● About this exercise
Once every line in the data below has been checked for "hope", give the number of lines that hold it, and only that.

● Material for the task
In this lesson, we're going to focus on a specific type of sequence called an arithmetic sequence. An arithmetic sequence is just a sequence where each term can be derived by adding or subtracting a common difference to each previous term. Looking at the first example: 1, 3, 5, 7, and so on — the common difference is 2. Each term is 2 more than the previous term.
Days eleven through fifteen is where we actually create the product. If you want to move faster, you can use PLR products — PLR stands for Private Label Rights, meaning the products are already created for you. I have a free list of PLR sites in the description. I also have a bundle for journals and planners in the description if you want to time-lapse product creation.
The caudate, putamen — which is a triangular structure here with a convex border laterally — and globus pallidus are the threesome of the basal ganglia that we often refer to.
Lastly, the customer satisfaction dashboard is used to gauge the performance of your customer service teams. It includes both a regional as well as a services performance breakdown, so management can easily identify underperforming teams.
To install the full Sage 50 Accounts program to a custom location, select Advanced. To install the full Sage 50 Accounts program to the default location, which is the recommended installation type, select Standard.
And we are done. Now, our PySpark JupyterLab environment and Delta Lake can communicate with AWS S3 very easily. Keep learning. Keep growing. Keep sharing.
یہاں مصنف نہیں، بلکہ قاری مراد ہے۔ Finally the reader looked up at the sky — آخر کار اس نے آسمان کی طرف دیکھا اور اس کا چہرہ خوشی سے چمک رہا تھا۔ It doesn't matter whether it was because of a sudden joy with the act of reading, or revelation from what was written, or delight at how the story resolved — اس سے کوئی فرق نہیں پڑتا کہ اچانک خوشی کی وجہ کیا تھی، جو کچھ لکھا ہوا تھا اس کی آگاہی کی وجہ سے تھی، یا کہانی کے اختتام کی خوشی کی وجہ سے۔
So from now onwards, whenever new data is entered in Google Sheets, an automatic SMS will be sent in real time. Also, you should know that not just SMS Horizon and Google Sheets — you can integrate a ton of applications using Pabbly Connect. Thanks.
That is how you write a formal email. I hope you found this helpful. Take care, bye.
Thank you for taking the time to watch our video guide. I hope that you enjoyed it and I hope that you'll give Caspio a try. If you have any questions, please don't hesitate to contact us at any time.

● Result for this exercise
2